Trey Pipkins Jersey

With all the local college standouts hoping to get a call at this year’s NFL Draft, the first one to get picked came from the Division II USF Cougars.

Offensive tackle Trey Pipkins was the first Division II player taken this year and the first non-kicker in USF history to be selected, as the Apple Valley, Minn., native went in the third round to the Los Angeles Chargers with the 91st pick.

While that was earlier than most projections had Pipkins going, South Dakota State cornerback Jordan Brown had to wait a tad longer than he probably expected, getting the call from the Cincinnati Bengals in the seventh round with the 223rd pick. Andrew Van Ginkel, a defensive end who began his career at USD before transferring to Wisconsin, was taken by the Dolphins in the fifth round.

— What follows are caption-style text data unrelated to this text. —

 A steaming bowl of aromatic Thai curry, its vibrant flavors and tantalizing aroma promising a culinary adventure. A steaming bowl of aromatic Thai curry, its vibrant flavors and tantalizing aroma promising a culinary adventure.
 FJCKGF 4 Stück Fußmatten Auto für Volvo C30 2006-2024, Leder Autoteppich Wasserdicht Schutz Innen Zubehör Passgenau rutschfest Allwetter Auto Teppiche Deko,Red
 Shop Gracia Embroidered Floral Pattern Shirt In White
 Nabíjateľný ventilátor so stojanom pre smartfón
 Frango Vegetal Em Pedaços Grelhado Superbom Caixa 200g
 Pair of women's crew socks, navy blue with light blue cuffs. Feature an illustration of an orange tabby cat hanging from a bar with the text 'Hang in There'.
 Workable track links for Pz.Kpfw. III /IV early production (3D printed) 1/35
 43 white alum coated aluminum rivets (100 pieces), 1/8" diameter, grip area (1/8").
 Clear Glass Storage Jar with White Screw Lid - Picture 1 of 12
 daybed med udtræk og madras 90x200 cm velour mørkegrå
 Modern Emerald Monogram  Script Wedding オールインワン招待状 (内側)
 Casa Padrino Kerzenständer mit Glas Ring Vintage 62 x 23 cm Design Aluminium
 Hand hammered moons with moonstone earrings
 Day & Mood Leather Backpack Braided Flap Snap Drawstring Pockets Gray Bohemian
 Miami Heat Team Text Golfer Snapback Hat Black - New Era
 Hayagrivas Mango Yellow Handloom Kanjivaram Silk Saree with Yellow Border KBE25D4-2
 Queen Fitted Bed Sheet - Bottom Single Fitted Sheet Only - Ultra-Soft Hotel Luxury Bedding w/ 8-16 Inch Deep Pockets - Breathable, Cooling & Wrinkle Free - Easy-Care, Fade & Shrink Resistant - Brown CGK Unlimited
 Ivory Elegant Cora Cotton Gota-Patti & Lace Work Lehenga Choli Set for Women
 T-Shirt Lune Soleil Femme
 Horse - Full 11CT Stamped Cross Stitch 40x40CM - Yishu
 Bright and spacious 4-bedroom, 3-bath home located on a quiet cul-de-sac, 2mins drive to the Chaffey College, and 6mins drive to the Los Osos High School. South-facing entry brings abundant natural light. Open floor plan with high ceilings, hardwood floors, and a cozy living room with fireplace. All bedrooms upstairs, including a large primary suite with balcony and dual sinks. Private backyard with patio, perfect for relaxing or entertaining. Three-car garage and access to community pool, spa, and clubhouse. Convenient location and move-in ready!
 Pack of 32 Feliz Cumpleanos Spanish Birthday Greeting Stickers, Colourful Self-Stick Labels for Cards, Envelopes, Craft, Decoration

SDSU quarterback and Roosevelt grad Taryn Christion was not drafted, but signed as a free agent with the Seahawks shortly after the draft. Seattle was one of the teams that showed the most interest in Christion in the weeks leading up to the draft, and they didn’t take a quarterback with any of their 10 picks. He’ll go to Seattle looking to backup Russell Wilson and Paxton Lynch.

Pipkins was one of two players from the Dakotas taken by the Chargers, as they made North Dakota State quarterback and Missouri Valley Football Conference player of the year Easton Stick their fifth round draft choice.

While virtually everyone who follows the draft (or follows USF) expected Pipkins to be drafted, it was somewhat of a surprise to see Pipkins’ highlights on the screen on Friday during the third round.

A 6-foot-6, 309-pound three-year starter for the Cougars, Pipkins was a two-time All-NSIC selection who allowed only one sack in his final two seasons, while paving the way for two record-setting running backs in Max Mickey and then Gabe Watson.

When the commentators on the ESPN broadcast discussed the pick, famed draft analyst Mel Kiper, Jr., defended the Chargers’ decision to choose a Division II player in the third round by pointing out that Pipkins had dominated his level.

That’s what Chargers’ general manager Tom Telesco saw, too.

“He did what he had to do at that level and he dominated at his level of Division II,” Telesco said. “He’s 6-6, 305-pounds, really, really good feet. He’s got long arms, good feet, change of direction and he’s really smart. He went to an all-star game against Division I players and really stood out there. It’s hard to find tackles that are tall, long and have really good feet, can work, are smart and have some awareness. He has a lot of traits that we can develop. It’s going to take some time, but we have a good group he’s going to learn from, too.”

Pipkins was one of only five Division II players invited to the NFL Combine, and he impressed there. But it was at the East-West Shrine Game that Pipkins apparently caught the Chargers’ eye.

While Telesco said Pipkins has some traits that suggest he could be an NFL left tackle, the premier position on the offensive line, he could also slide inside to play guard, something that appealed to Chargers offensive coordinator Ken Whisenhunt.